Short response: Incorrect. Green roofs are quite effective for urban heat reduction.

Longer version: Both green and white roofs are “cool roofs”, since the term is used as contrast to dark-colored conventional roofs (aka “hot” roofs?). Ample research has demonstrated green vegetated roofs substantially reduce roof top temperatures, thermal loading through roof structures, building energy consumption, and urban heat island effect at levels similar or exceeding white reflective roofs.

The *only* relative advantages of reflective roofs over green roofs are white roof cost may be roughly equivalent to conventional roofs and no additional structural load-bearing capacity is required.

The many advantages of green vegetated roofs over white roofs are comparable thermal benefits PLUS concurrent stormwater management, pollinator habitat, absence of reflective glare / heating into adjacent buildings / windows, improved aesthetic sight lines, mixed-use amenity roof space, particulate and greenhouse gas mitigation, double or greater roof lifetime extension (offsetting all or part of the higher green roof cost), etc.

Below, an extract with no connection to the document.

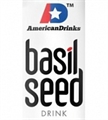 Basil Seed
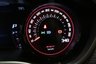 USED 2021 04 DODGE CHALLENGER 6.2  RED-EYE Stealth Black/Red Interior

The extended roof lifetime alone gives green roofs many additional benefits by avoiding more frequent roof replacement costs, workplace disruption, materials consumption and landfill waste.

White reflective roofs definitely offer a cost effective urban cooling option for restricted weight roof structures or in climates where low-maintenance vegetated roofing is not yet a viable alternative. For most temperate climate cities, well designed green roofs achieve comparable heat reduction and a substantially broader range of ecological and municipal benefits at modestly higher initial costs, whose investment is returned by the longer functional lifetime.